● THE PROBLEM
An exact copy of the data is required. No picture may appear in it.

------------------------

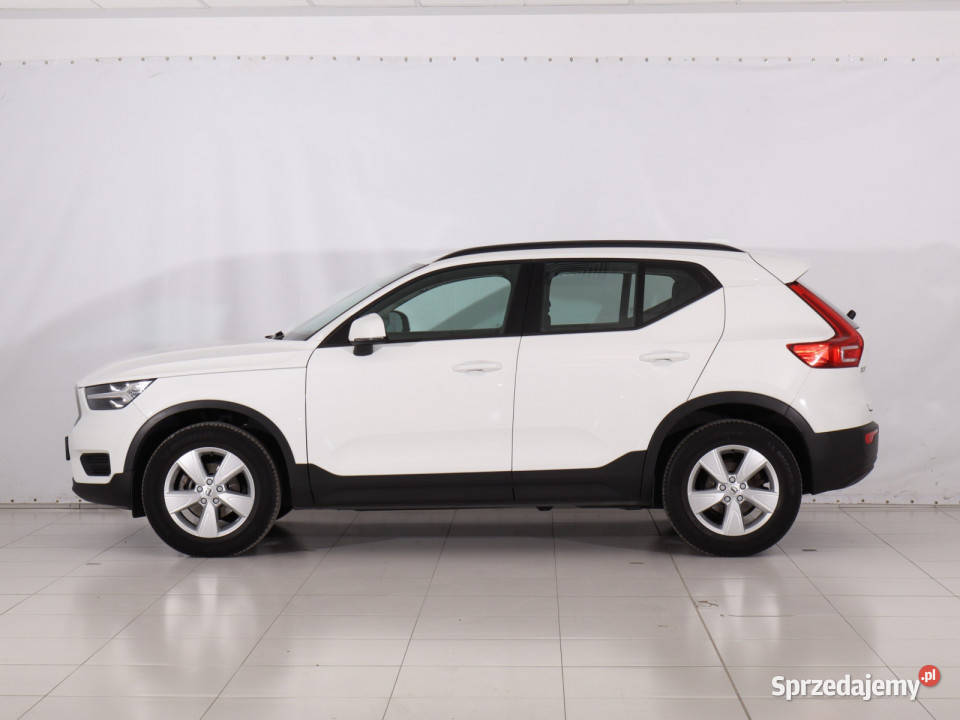 Volvo XC40 T3 1477cm3 Piaseczno sprzedam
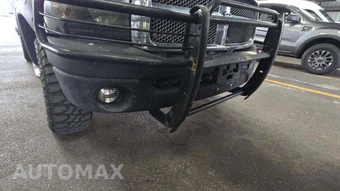 2007 Dodge Ram 1500 ST Crew Cab Medium Bed – miniatura 48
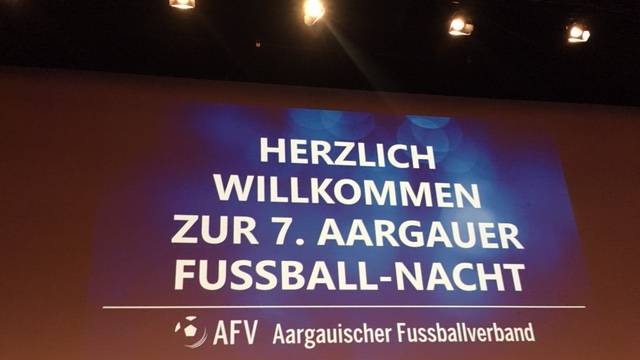 AG-Fussball-Nacht 2018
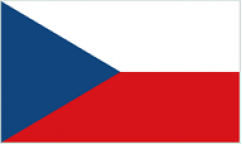 Czech Republic Flags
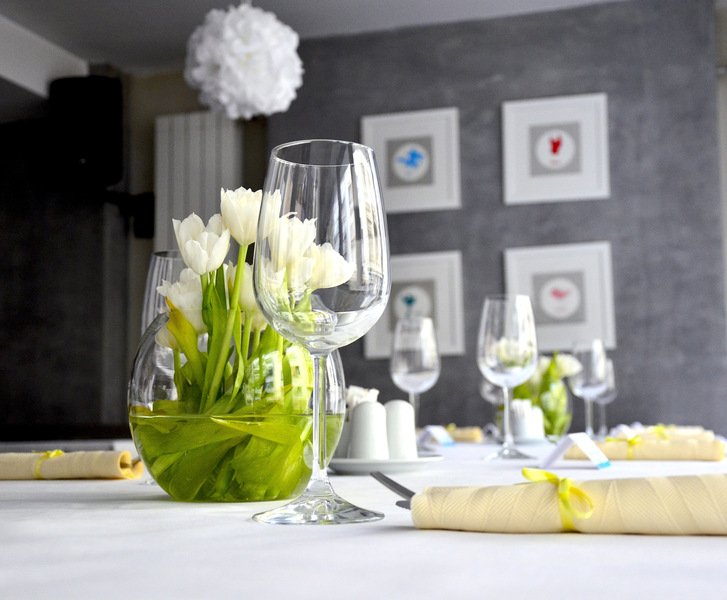 Фото Dominic Smart Luxury Suites - Terazije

------------------------

● OUTPUT FOR THIS EXERCISE
 Volvo XC40 T3 1477cm3 Piaseczno sprzedam
 2007 Dodge Ram 1500 ST Crew Cab Medium Bed – miniatura 48
 AG-Fussball-Nacht 2018
 Czech Republic Flags
 Фото Dominic Smart Luxury Suites - Terazije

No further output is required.